» DIRECTIONS:
Only lines, not pictures: please repeat exactly the lines from the one with "G*u*i gg women" through the end of the listing.
**** MATERIAL PROVIDED ****
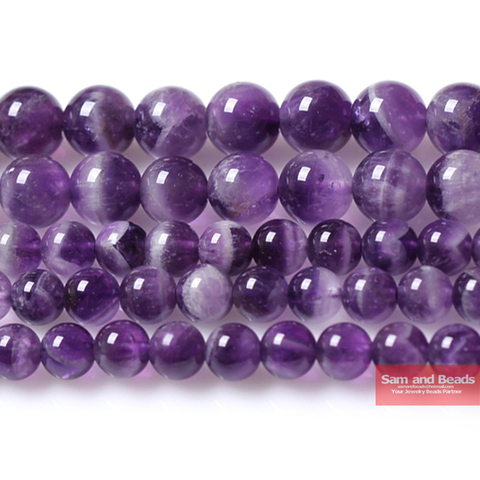 Free Shipping A Quality Natural Stone Purple Amethysts Crystals Round Loose Beads 15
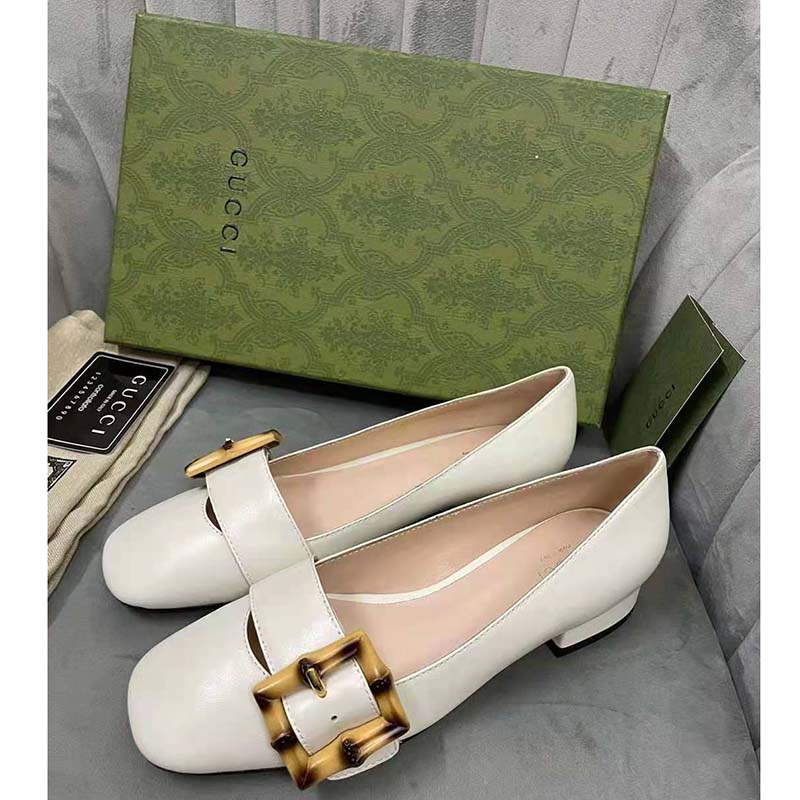 G*u*i gg women ballet flat with bamboo buckle white leather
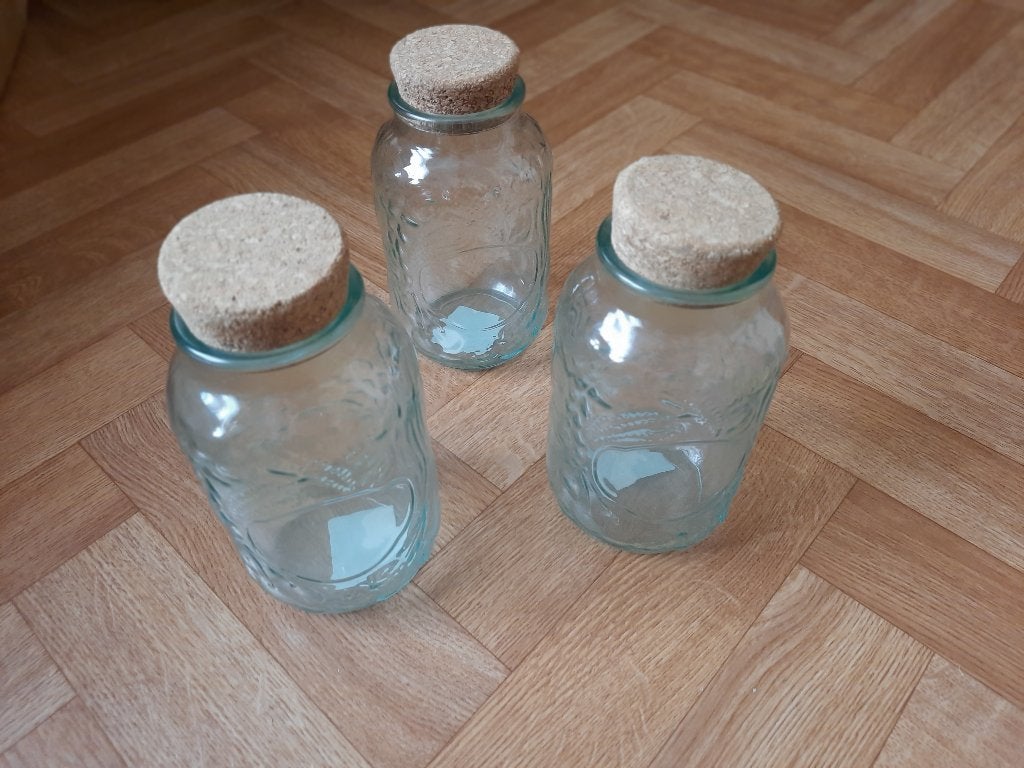 3 nieuwe glazen sier bewaar bokaals met kurken afsluiting, Enlèvement ou Envoi, Neuf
****
» ANSWER SPACE:
 G*u*i gg women ballet flat with bamboo buckle white leather
 3 nieuwe glazen sier bewaar bokaals met kurken afsluiting, Enlèvement ou Envoi, Neuf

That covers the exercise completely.